Top of Data supplied
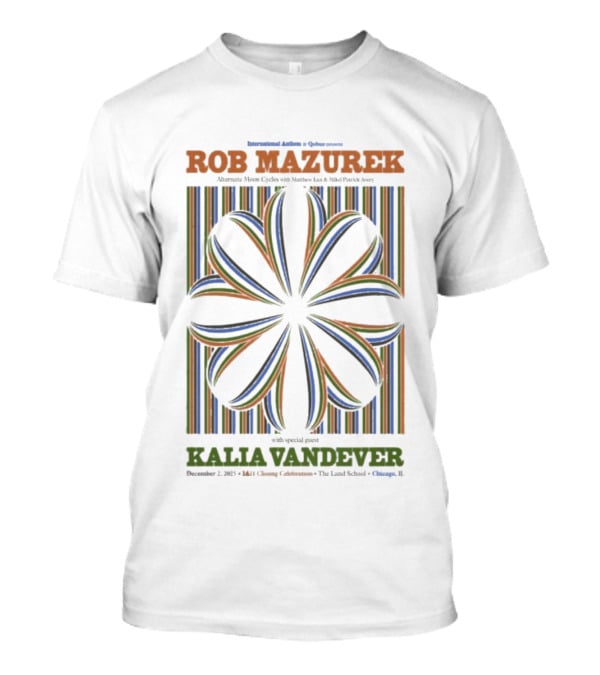 Rob Mazurek Kalia Vandever IA11 Closing Celebration December 2 2025 The Land School Chicago T-Shirt
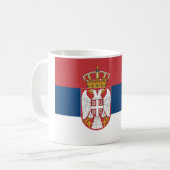 セルビア国旗 コーヒーマグカップ (正面左)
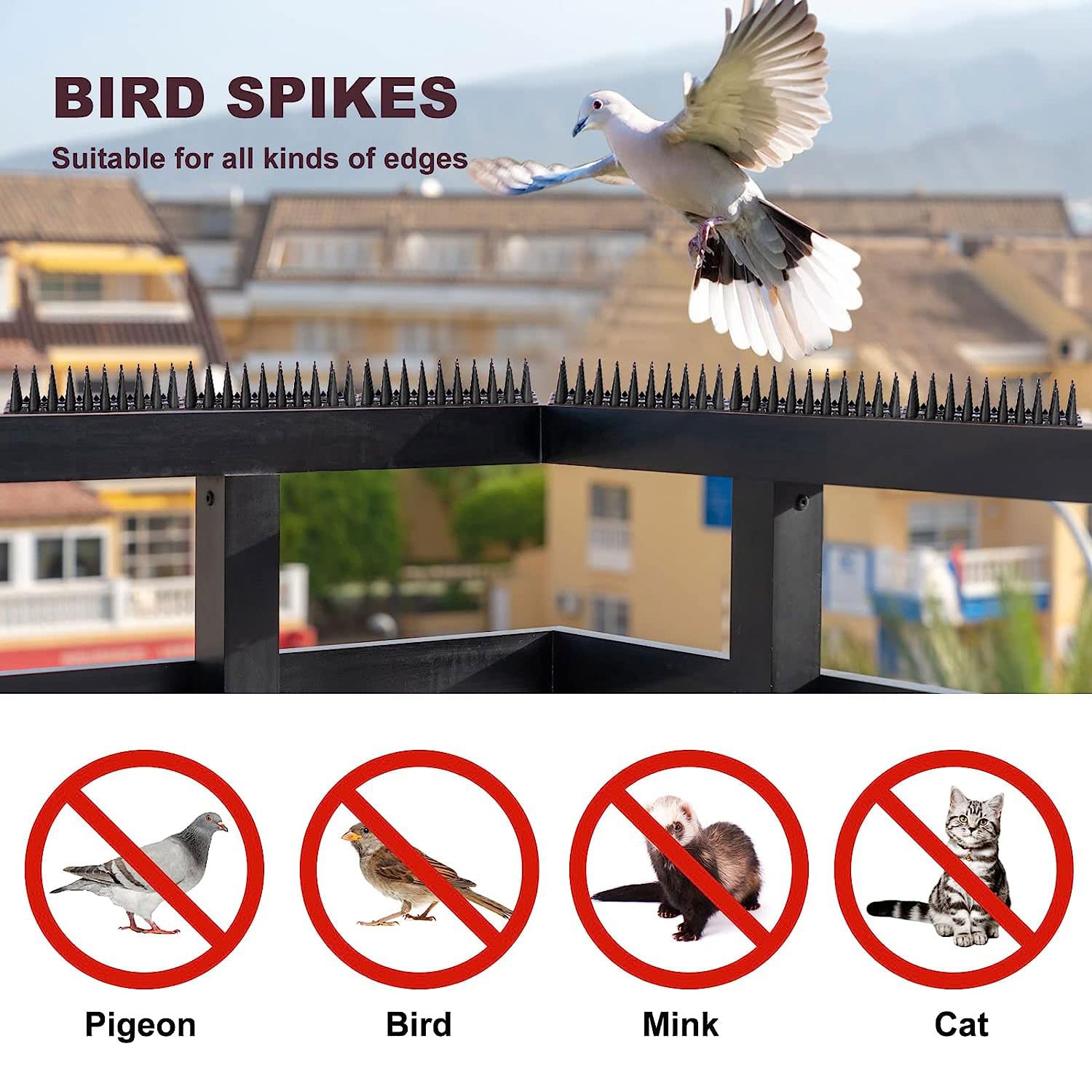 Piques Anti-Pigeons Transparents – Lot De 10, 4.3 M Total, Protection Balcon/Toit - 4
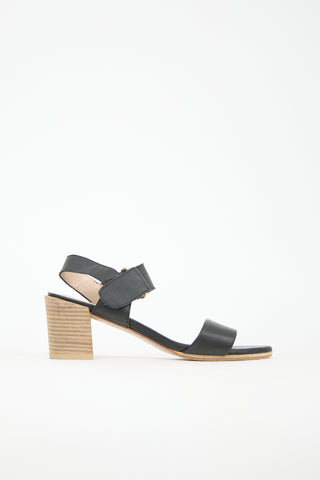 Stuart Weitzman Leather Broadband Sandal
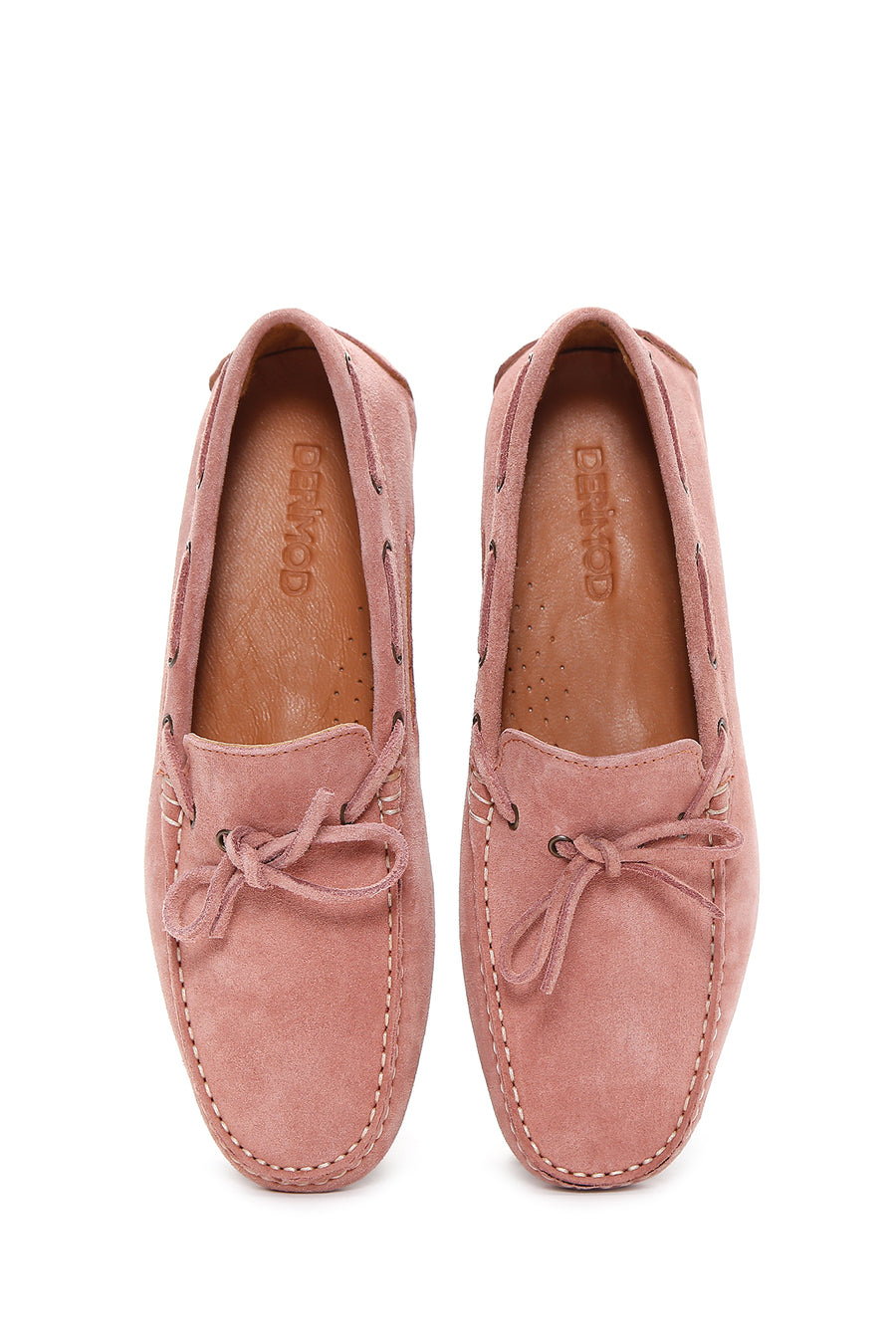 Men's Salmon Suede Leather Casual Loafer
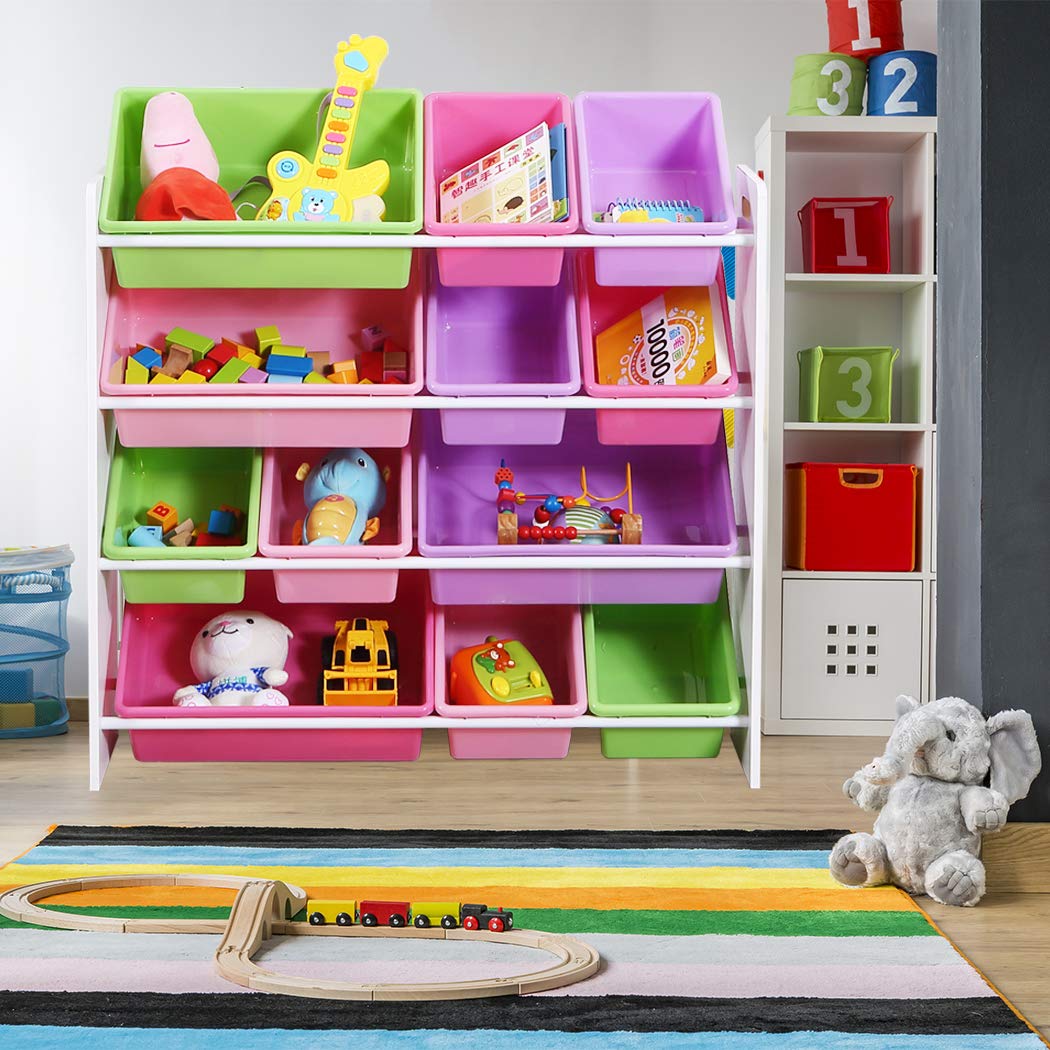 Kids Toy Box Bookshelf Organiser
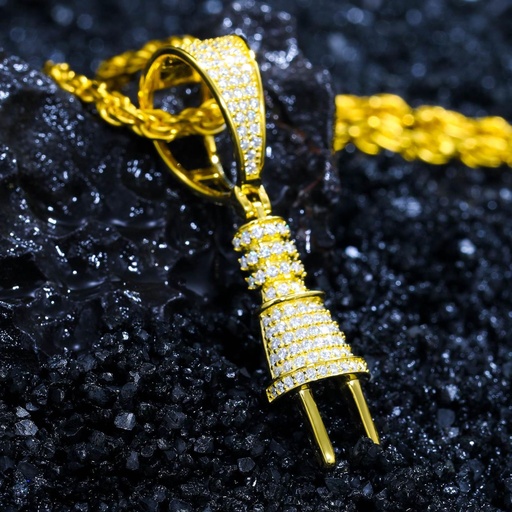  Moissanite Plug Pendant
Bottom of Data supplied
— Description of the task —
After locating the line containing "Men's Salmon Suede Leather Casual Loafer" in the entries above, repeat only it and each later line through the end, exactly, without any pictures.

— Expected answer —
 Men's Salmon Suede Leather Casual Loafer
 Kids Toy Box Bookshelf Organiser
  Moissanite Plug Pendant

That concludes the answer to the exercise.